What Anderson seems to miss in all his glee is the erosion of labor's bargaining power. Since we'll all be small-scale manufacturers, he seems to assume, there will be no laborers, per se. Or they will all be in China, at any rate, and who cares about them? The reality of crowdsourcing is that it is a good way to find someone to do any given piece of work the cheapest. And there are always people out there who underestimate the value of their abilities.
The future may be a time when we can't sell our labor power alone; we'll all need to be small-time entrepreneurs, hawking some small-time idea or contribution to a project, just to hustle up a living. In other words, in the future we will all basically be living off the books, and if you've read Sudhir Venkatesh's book of the same name, you know that's not such a good thing. Another book that is probably relevant to this is The Jobless Future by Stanley Aronowitz and William DiFazio, which I've not yet read.
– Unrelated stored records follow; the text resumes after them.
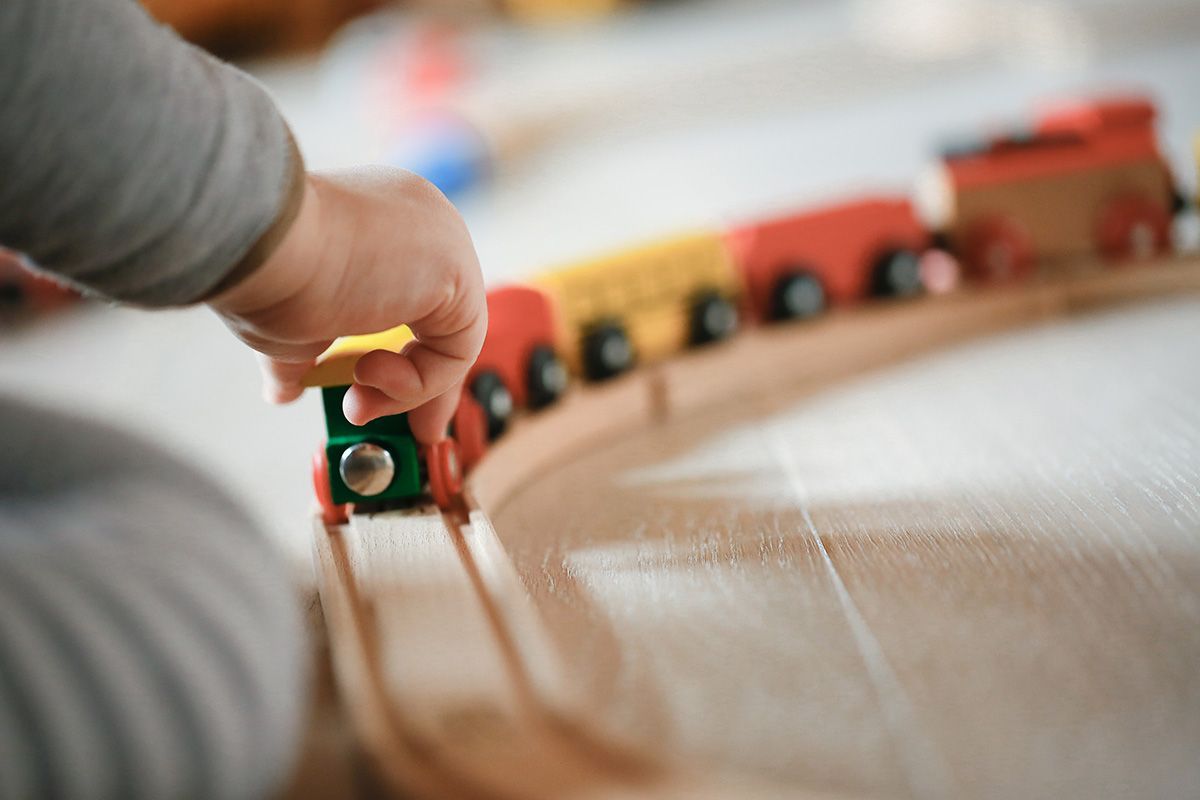 A child is playing with a wooden train set.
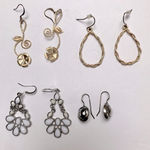 4 pairs of feminine lightweight earrings 2 goldtone and 2 silvertone Silver Photo 0
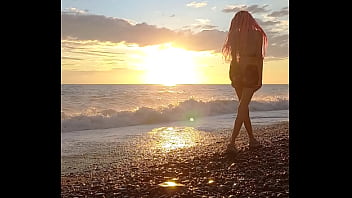 Sunset girl at the sea beach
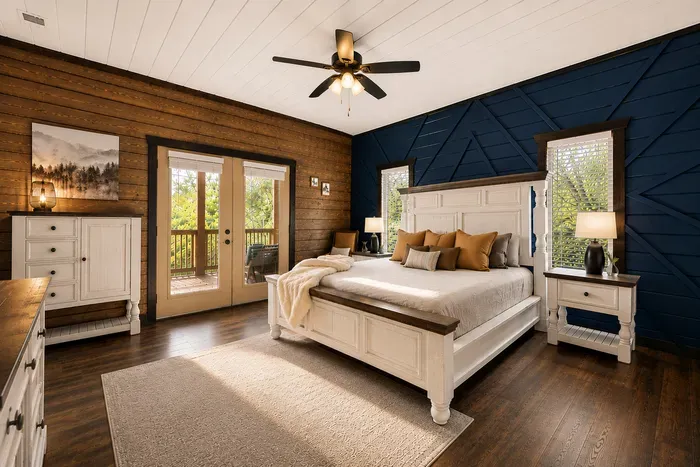 Spacious primary bedroom with a king bed, warm wood finishes, and a peaceful cabin feel.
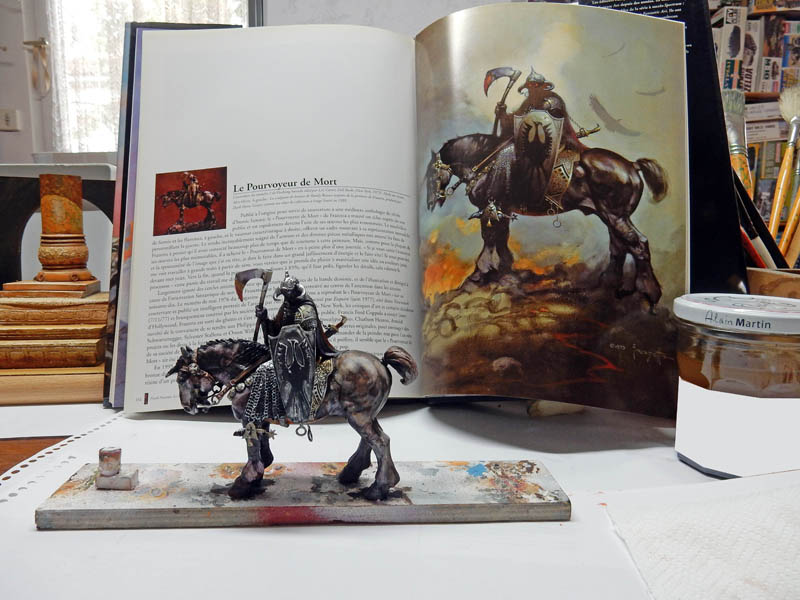 Figurine peinte d'un cavalier guerrier à la hache devant le livre illustré du Death Dealer de Frazetta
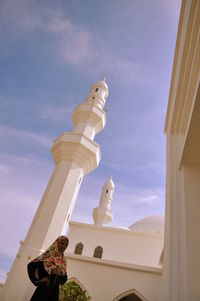 Teenage girl wearing traditional clothing standing against mosque during sunny day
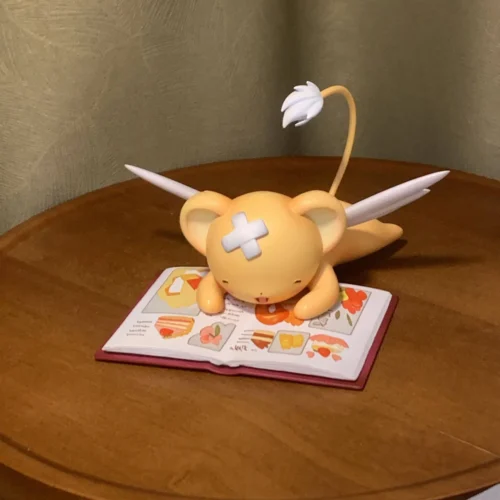 "Handcrafted, limited edition Kero-chan Reading Cardcaptor Sakura statue by Kulokefu Studio. Intricate Kero-chan details on stacked books."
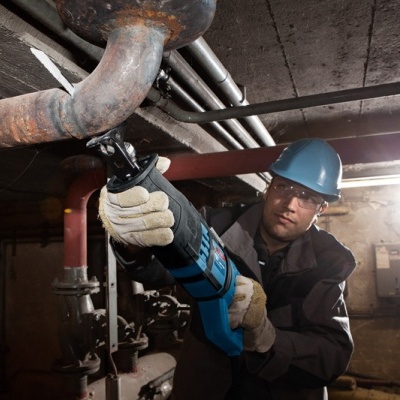 Homem a cortar tubo de metal com serra elétrica em ambiente industrial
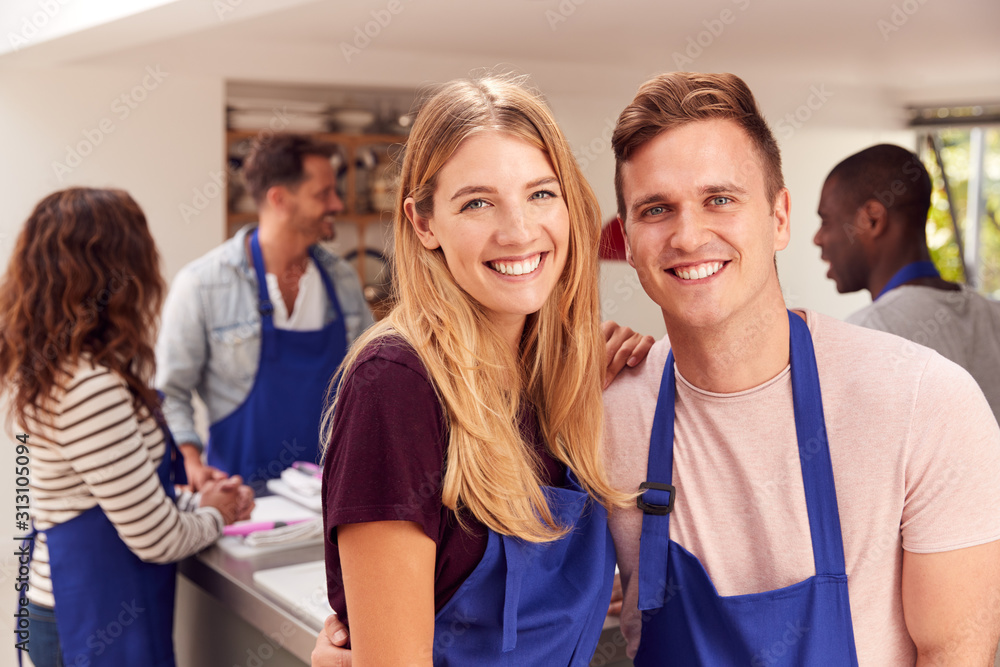 Portrait Of Smiling Couple Wearing Aprons Taking Part In Cookery Class In Kitchen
Still, the question of whether the disintermediation facilitated by the internet is causing a revolution in the means of production -- what they are, who has access to them, how they are related to capital, and so on -- is well worth considering. Michel Bauwens, whose P2P Foundation site is a fount of links and essays about whether the internet can be the basis for a whole new mode of social organization, posted this summary of his ideas about what he calls (unfortunately) "netarchical capitalism" -- an economic system in which the most important means of production is the information infrastructure that allows for participatory networks to form and free labor to be performed and what Paulo Virno (following Marx) calls the general intellect to operate. The general intellect is basically Marxist jargon for decentralized collaboration and cooperation, the generalized sharing of useful information about how to make things or consume things. As Virno defines it, it is "inseparable from the interaction of a plurality of living subjects. The ‘general intellect’ includes formal and informal knowledge, imagination, ethical tendencies, mentalities and ‘language games’. Thoughts and discourses function in themselves as productive ‘machines’ in contemporary labor." In other words, the most valuable thing in the early days of the Industrial Age were machines and factories -- you needed them to compete. Now, those are arguably less important than knowledge, how to operate machines and disseminate their products. And thanks to the internet, that knowledge is starting to belong to all of us.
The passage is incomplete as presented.